How we research a plant
Every plant profile on The Plant Native starts the same way: as a document that includes all cited research. All content uses primary information from at least four categories of sources:
- Institutional and extension sources for growing information and wildlife value (NC State Extension, Lady Bird Johnson Wildflower Center, USDA PLANTS Database, Missouri Botanical Garden, state extension services).
- Research-garden trial data for cultivar performance and field behavior (Mt. Cuba Center Research is the standard).
- Peer-reviewed academic journals for any deeper claim, especially around pollinator value, caterpillar host relationships, or genetic information.
- Trusted books from authors such as Carolyn Harstad, Robin Wall Kimmerer, Doug Tallamy, and Sarah Stein.
Native ranges
All native ranges are pulled from the USDA Plants Database.
Host plant data
For caterpillar host plant counts, we use the Shropshire-Tallamy Lepidoptera host dataset. We do not pull numbers from random gardening blogs, even when those blogs are quoting the same dataset.
Editorial review and fact-checking
Every plant profile is edited by Emily Lessard, founder of The Plant Native, before publication. The review pass checks three things in order:
- Scientific accuracy first. Latin names, native range, bloom time, growing conditions, and wildlife value are verified against independent institutional sources.
- Voice and clarity second. We check that the profile reads like a person, not a textbook, while staying accurate.

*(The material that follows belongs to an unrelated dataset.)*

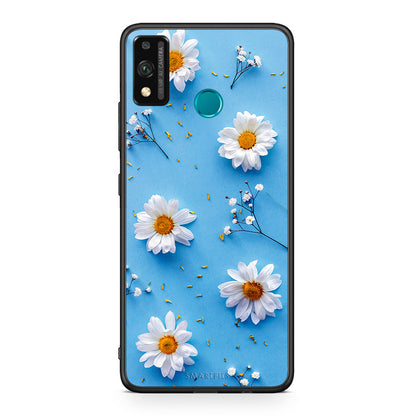 Honor 9X Lite Real Daisies θήκη από τη Smartfits με σχέδιο στο πίσω μέρος και μαύρο περίβλημα | Smartphone case with colorful back and black bezels by Smartfits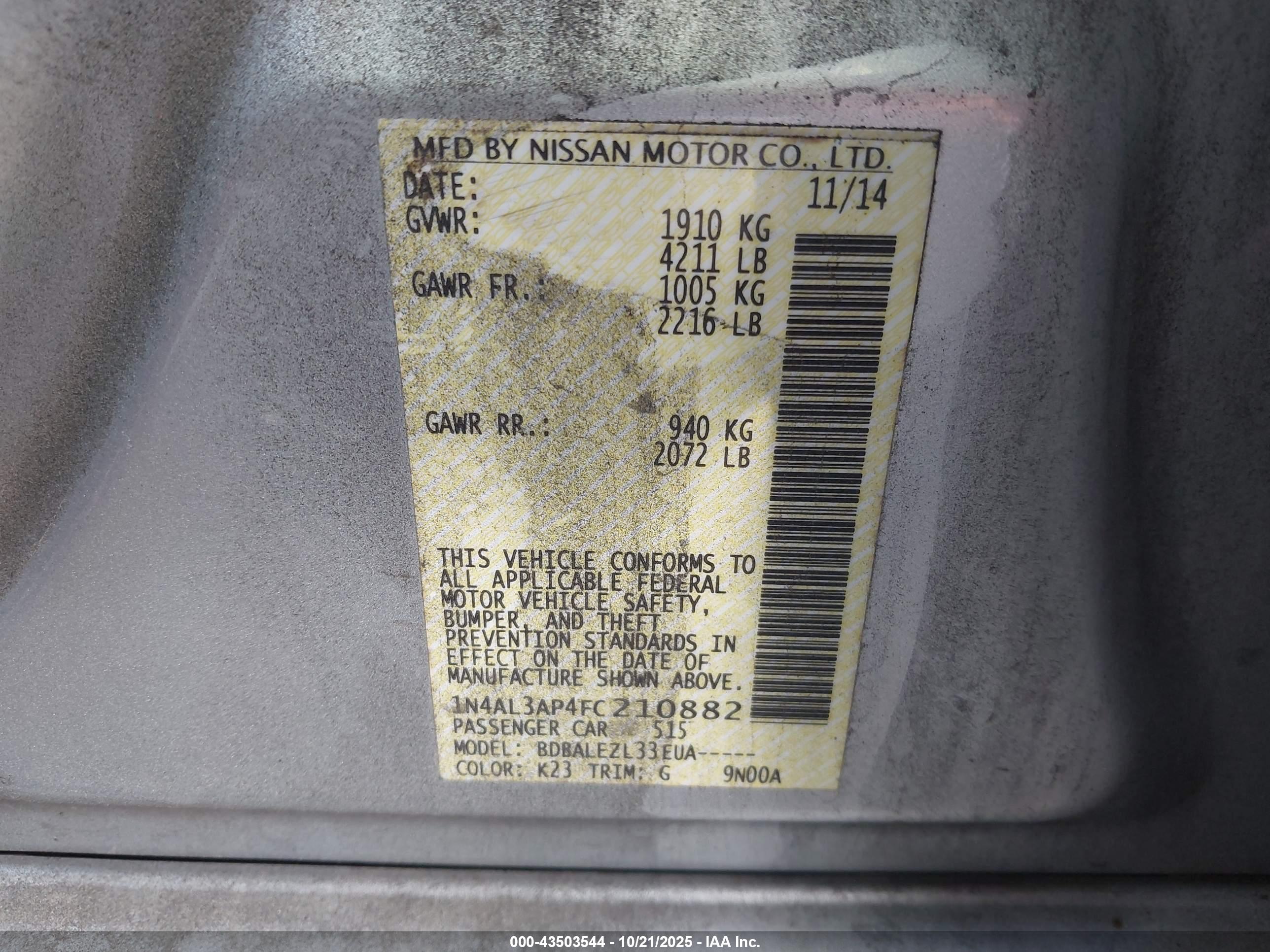 NISSAN ALTIMA image 9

- Sources cited last. Every claim that needs a source gets one. The source list appears at the bottom of every article and profile.
- NC State Extension
- Missouri Botanical Garden
- Lady Bird Johnson Wildflower Center
- USDA PLANTS Database and Forest Service
- Mt. Cuba Center Research
- Xerces Society for Invertebrate Conservation
- Peer-reviewed journals: Ecology, Evolution, BioScience, HortScience, Conservation Biology, Restoration Ecology, Journal of Ecology, American Journal of Botany
- Books: Doug Tallamy, Bringing Nature Home; Pyle, Gardening for Butterflies; and similar canonical works
- General gardening blogs and content mills
- Pinterest and social media posts
- AI outputs as a source for plant facts (AI is a copyediting and research tool on this site, never an authority we cite; see below for more)
- Commercial seed catalogs (used for product context, not for plant facts)
How and when we update content
The world of native plants is not static. Species get re-classified. Cultivar trial data is made public or rerun. We treat our content as living documents.
- Every page on the site shows its last reviewed date.
- High-traffic plant profiles get a scheduled annual review.
- When a reader catches an error, we fix it and note the correction.
How we use AI
The Plant Native uses AI tools in 2026 the way the rest of the publishing world does: as a copyeditor and a research helper. We are transparent about that because honesty about modern tools is better than pretending they don’t exist.
No AI images or video
No images on the site have been created using AI, and all images and videos will remain AI-free.
Disclosure, advertising, and conflicts
The Plant Native was founder-funded from 2021 to spring 2026. In 2026, we added programmatic advertising through Raptive to fund a small team of contributing writers and pay for native plant research expertise.
- No sponsored content. We do not accept payment to write about specific plants, brands, or products.
- No paid placements in plant profiles. If a nursery or product is named on the site, it’s because we believe it’s the right answer, not because we were paid to say so.
- Affiliate links, when used, are clearly marked. Affiliate income does not influence which plants or products we recommend.
- Founder day job. Emily Lessard is Co-CEO of Bellweather, an advertising agency for nonprofits. Bellweather has no native plant clients and is fully disclosed on this site for transparency.
Author bylines and accountability
Every piece of content on The Plant Native has a named human author. The byline links to the author’s profile page, which includes their credentials and location. If you read it here, a person stands behind it.